Listopadowe mamuśki 2018
-
WIADOMOŚĆ
-
Kurcze dziewczyny to mi się trafili super teściowie;p teściu co prawda jehowy ale nie narzuca swoich tematów tylko na święta nie przyjdzie, prezentu nie kupi, urodzin nie obchodzi. Wiec czasami mi troche szkoda teściowej bo ona nic od niego nie dostaje a wręcz przeciwnie musi mu wszystko sponsorować. I pewnie nasze dzieci też nic od niego nie będą dostawać bo to taki typ człowieka, nawet nie pomyśli żeby coś komuś dać, brać i dostawać bardzo lubi;p( mój M na szczęście lubi mi dawać prezenty i zapraszać w różne miejsca) ale to jest pikuś bo ogólnie jest bardzo dobry, pomocny, przychodzi do mnie na kawe, teraz z psem mi wychodzi jak męża nie ma, zawsze pyta i wydzwania żeby zapytać jak się czuję. No mogę na niego liczyć. Teściowa też fajna babka i też chyba częściej do mnie dzwoni niż do męża. Czasami mnie denerwuje i rozpieszcza mi psa, dzieci pewnie też będzie ale to już chyba normalne;p a moi rodzice też sa spoko jak to mówi mąż
więc naprawdę nam się trafiło;)
-
Ja niestety też Wam dziewczyny nic nie doradze w temacie tesciow. Mąż i ja mieszkamy z jego rodzicami już 4 lata, oczywiście mamy zagospodarowane poddasze jako osobne mieszkanie, więc praktyczne tak jakbyśmy mieszkali osobno. Moja teściowa lubi się wtrącać, ale szanuje decyzję, które my podejmujemy chociaż są nie po jej myśli, dużo mi pomogła na początku ciąży jak nie byłam w stanie za dużo robic, a teść jest do rany przyłóż, we wszystkim pomoże, nawet sam się oferuje żeby ze mną gdzieś jechać jak nie ma męża akurat. Tak więc teście mi się super trafili. Do tej pory mieli tylko jednego wnuka, więc bardzo się cieszą, że u nas będzie dzieciątko. U moich rodziców będzie z kolei 18 wnuk, a też się cieszą jak nie wiem co
nawet mama sama mi się zaoferowała, że jak tylko będę chciała wrócić do pracy to ona się dzieckiem zajmie
-
Happywife jak czytam o twoim teściu to tak jak bym widziała mojego męża. Taki sam oschły sukinsyn. Tylko opieprzyć potrafi jak coś nie tak ale dobrego słowa od niego nie usłyszysz i wydaje mi się że nawet jak by nie otrzymał życzeń o po prostu by po nim spłynęło. A jak nie spłynie to może się zastanowi nad swoim postępowaniem.
-
Współczuję takich teściów i sytuacji ...
Ja ma to szczęście że teściowa od 20 lat nie żyje A teść 77 lat mało że pół głuchy zaczyna mu się Alzheimer... więc spokój
A za to rodziców mam cudnych pod każdym względem, mają jednego wnuka 23 lata więc baaaardzo czekają na drugiego -
kreseczki wrote:Happywife jak czytam o twoim teściu to tak jak bym widziała mojego męża. Taki sam oschły sukinsyn. Tylko opieprzyć potrafi jak coś nie tak ale dobrego słowa od niego nie usłyszysz i wydaje mi się że nawet jak by nie otrzymał życzeń o po prostu by po nim spłynęło. A jak nie spłynie to może się zastanowi nad swoim postępowaniem.
Pozytywny test 23.02 -
happywife wrote:Hej, witaj
Jak samopoczucie w ciąży?
Dziewczyny, dzięki za miłe słowa. Brzuszek to faktycznie kwestia bardzo indywidualna.

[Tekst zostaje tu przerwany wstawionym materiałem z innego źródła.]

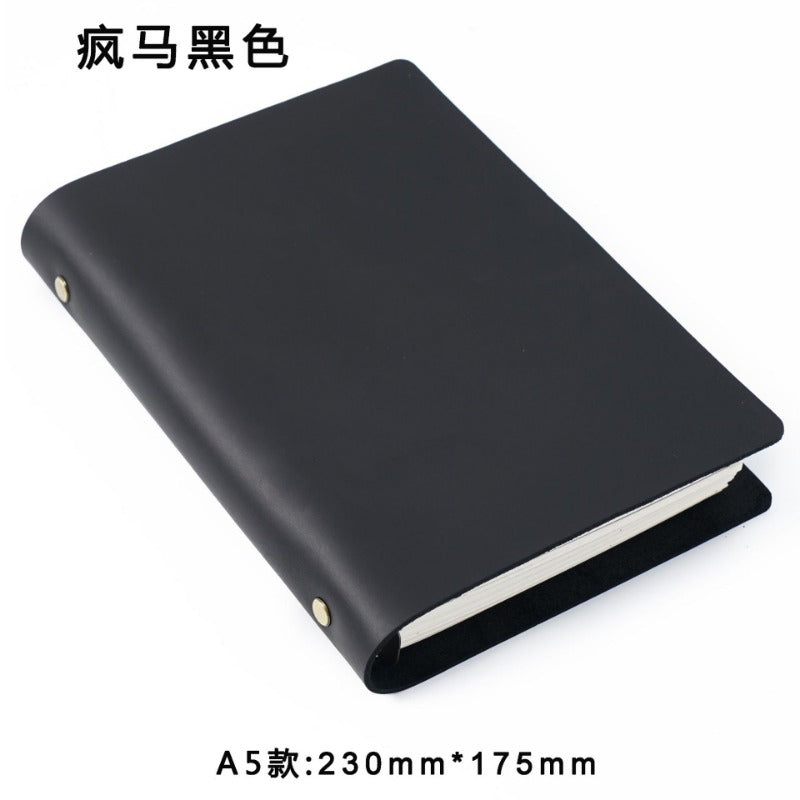 Wholesale Real Leather Vintage Loose Leaf Office Business Handmade Notebook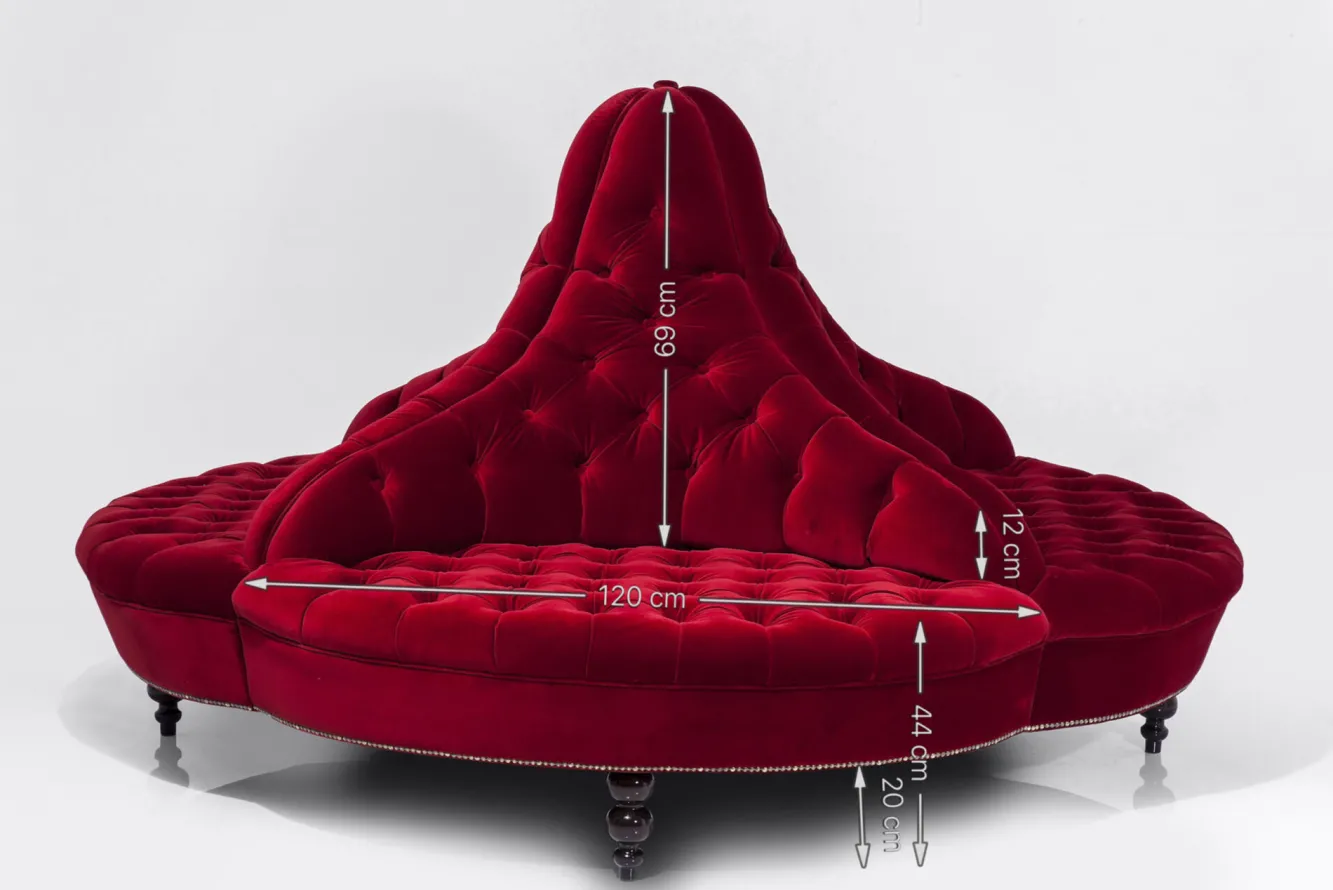 Best KARE Design Sofa Boudoir 160x126 cm - KARE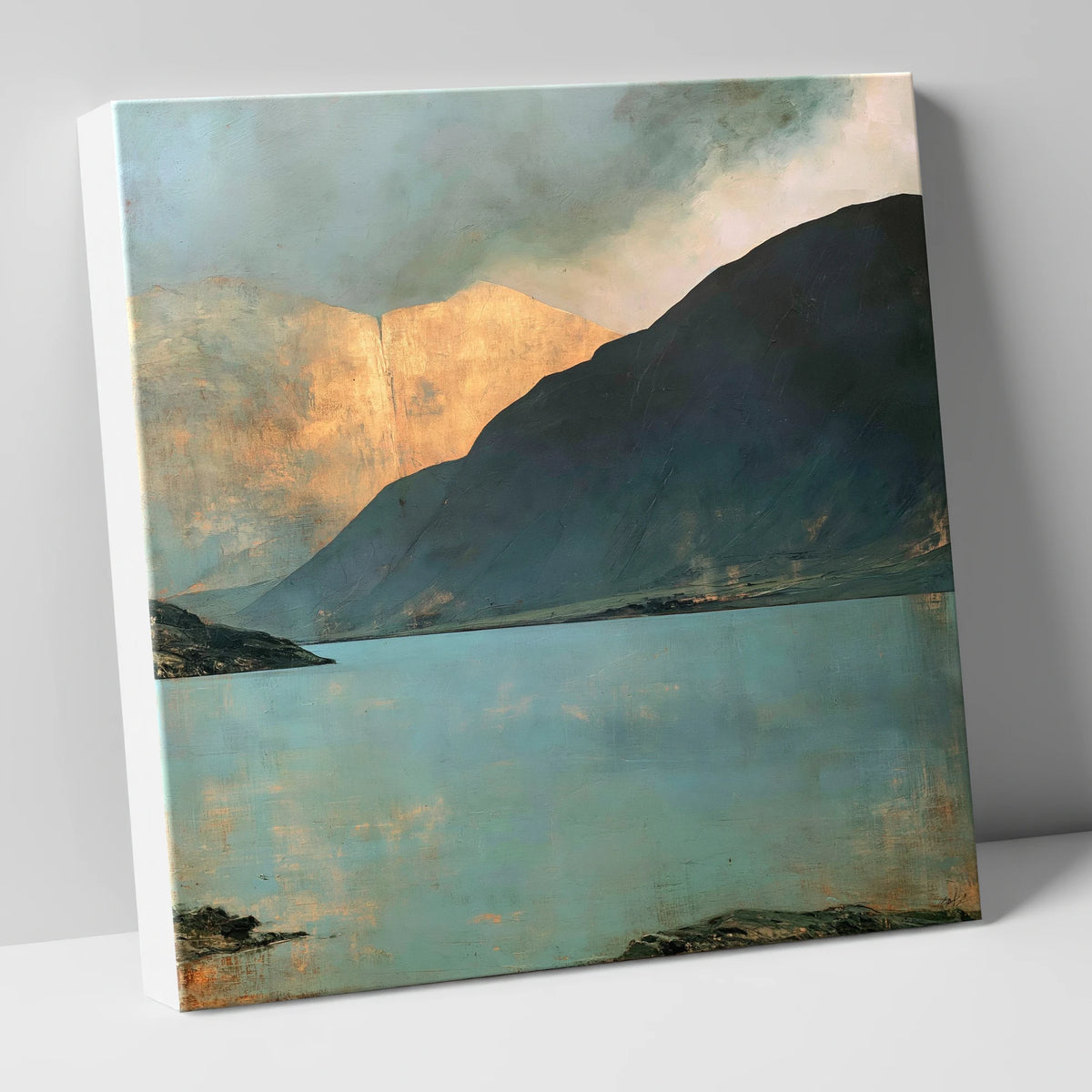 Golden Light On Wastwater Screes lake district lake canvas wall art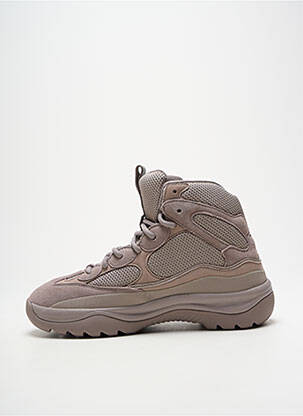 Adidași vârf rotund toc de 4 la 6 cm gri SEASON 7 femeie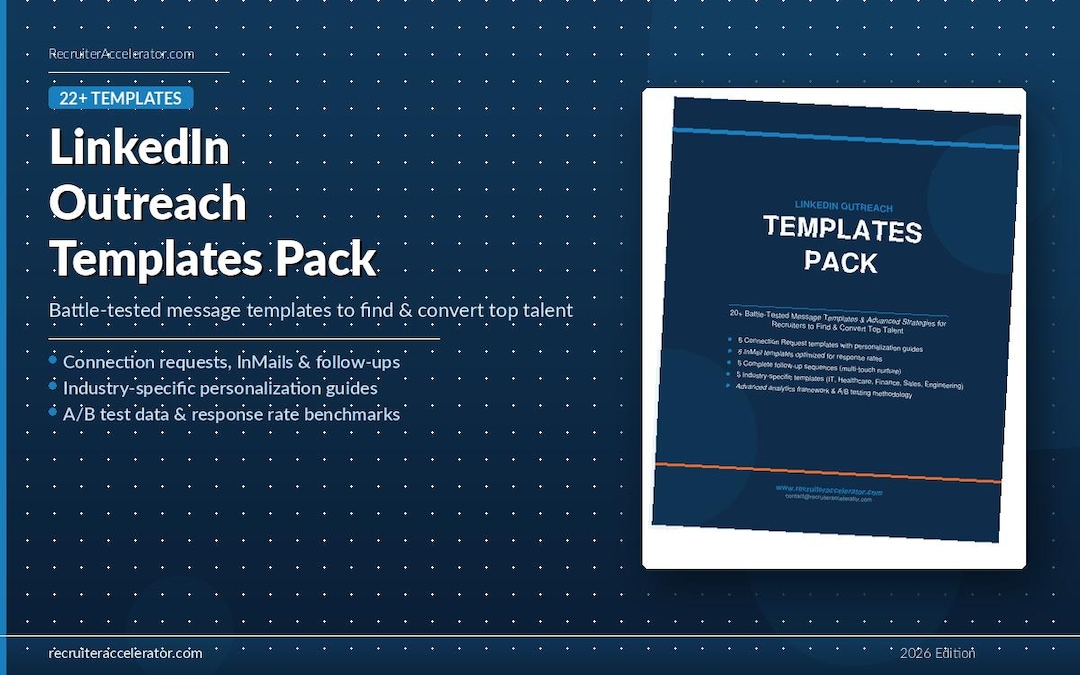 Linkedin Outreach Templates Pack for Recruiters — Candidate and Client ...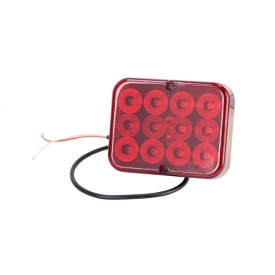 Lampa auto suplimentara ceata , 12 LED-uri, cu 2 suruburi, 2.4 W, 10x8 cm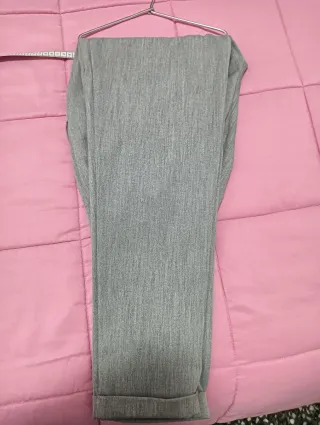 Pantalón vestir señora gris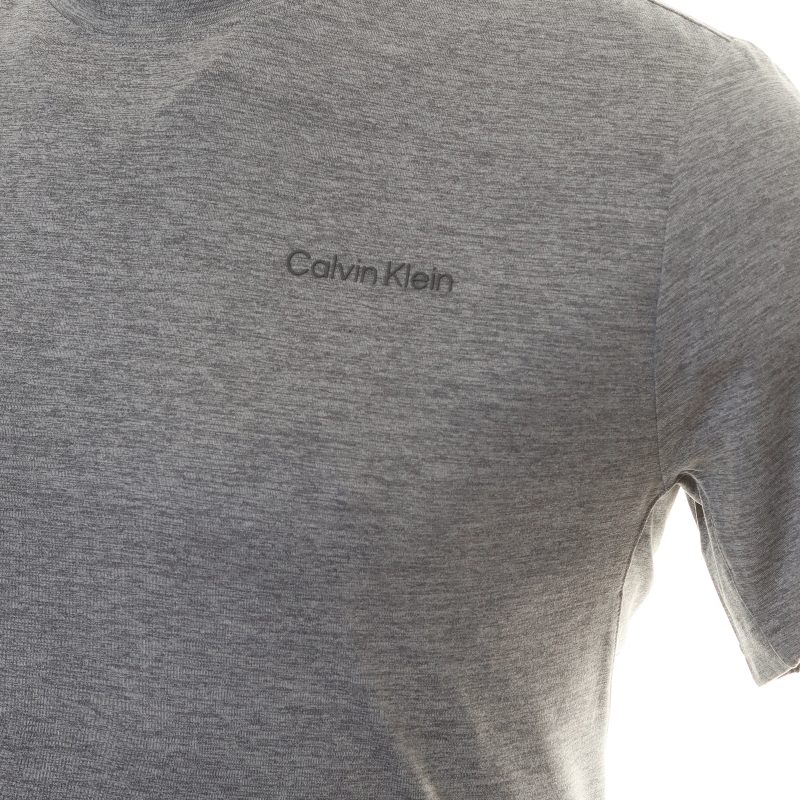 Calvin Klein Golf Newport Tee Shirt C9923 Silver Marl 3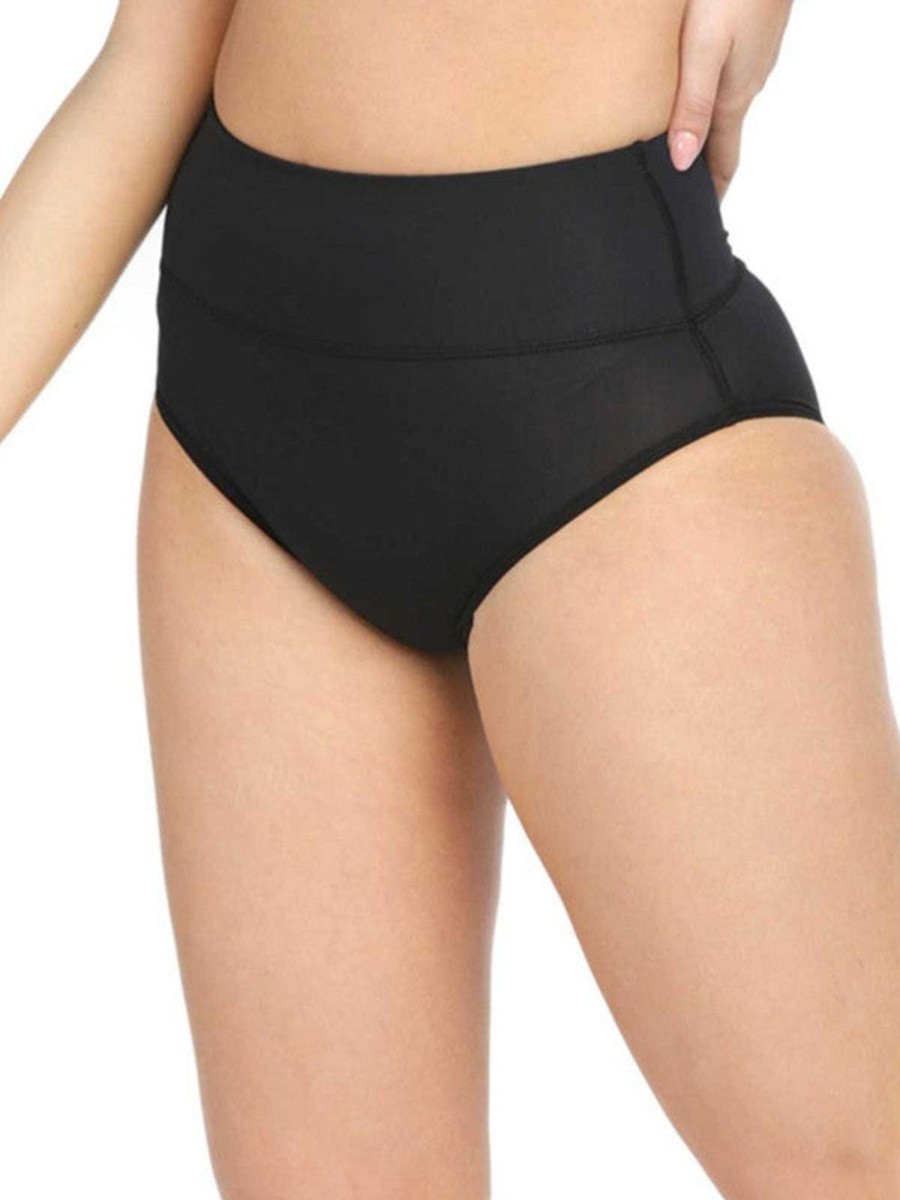 Panty Lovable | Women Solid Shapewear Panty - Shaper Black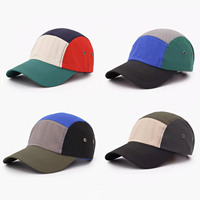 Gorra de campamento de 5 paneles de nylon color morado claro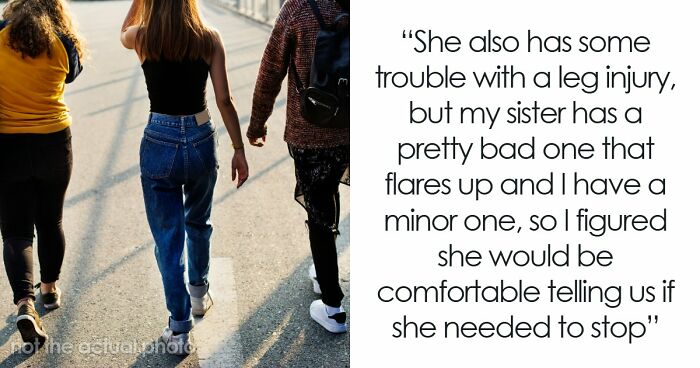 Woman Mad At Friend For Taking Her On A Walking Trip Without Warning Knowing She’s Diabetic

Mam pytanie całkiem z innej beczki, z innej dziedziny. W ogóle nie związane z ciąża, ale mam nadzieję, że obiektywnym okiem patrząc coś doradzicie. Zbliża się powoli dzień ojca i przyznam szczerze, ze mamy ogromny problem z moim teściem. Ciężki charakter, nigdy nie miał dobrego kontaktu z moim mężem, wojskowy - wymagający i surowy. Nigdy za nic nie pochwalił, nigdy niczego nie pogratulował jak już coś mówi to oczywiście jak coś jest dla niego złe. Co roku składamy mu życzenia na urodziny, imieniny i właśnie na dzień ojca, kupujemy prezenty i zawsze po prostu pamiętamy. Już któryś raz jest tak, że on ma nas po prostu w nosie. Teściowa jest okej, nie mogę narzekać, miła z niej babeczka, ale niestety nie ma na niego takiego wpływu, żeby go zmienić pod kontem tego jak nas traktuje. Gdy powiedzieliśmy im o ciąży teściowa zachwycona, on nawet słowem się nie odezwał i to nie kwestia tego, że uważa że jesteśmy niegotowi czy coś tego typu, bo jesteśmy dorośli i prawie 2 lata po ślubie, tak jest zawsze. Na dzień dziecka tak samo, nawet gęby nie odezwie z głupim "wszystkiego najlepszego", na moje urodziny kopnął mnie zaszczyt i usłyszałam te dwa magiczne słowa, ale tylko dlatego że zaprosiliśmy jednych i drugich rodziców do siebie na torta i każdy w kolejce składał mi życzenia. Widzę, że mojego męża to boli, ostatnio sam mi mówił, że już przyzwyczaił się, że od dziecka go tak traktuje, ale dlaczego traktuje tak też mnie. Mówił, że ma żal do niego, że nawet nie zapyta mnie jak się czuję. On wszystko na bieżąco wie, bo jak do nich przyjeżdzamy to opowiadamy teściowej, on przychodzi, siada i słucha, ale nic nie mówi. To w takim skrócie, bo nie chce tutaj zmieniać tematyki forum ,ale myślicie że jeśli w tym roku na dzień ojca potraktujemy go tak jak on nas, czyli nawet nie złożymy mu życzeń to nie będzie to z naszej strony okrutne? Pytam was, bo sama nie wiem co o tym myśleć, ja jestem rodzinna i mój mąż już rok temu nie chciał tego świętować, ale tłumaczyłam, że przecież to jego tata itp, w tym roku stwierdził, że przelała się czara goryczy i w końcu pasuje potraktować go z wzajemnością. Co myślicie? Co byście zrobiły na naszym miejscu?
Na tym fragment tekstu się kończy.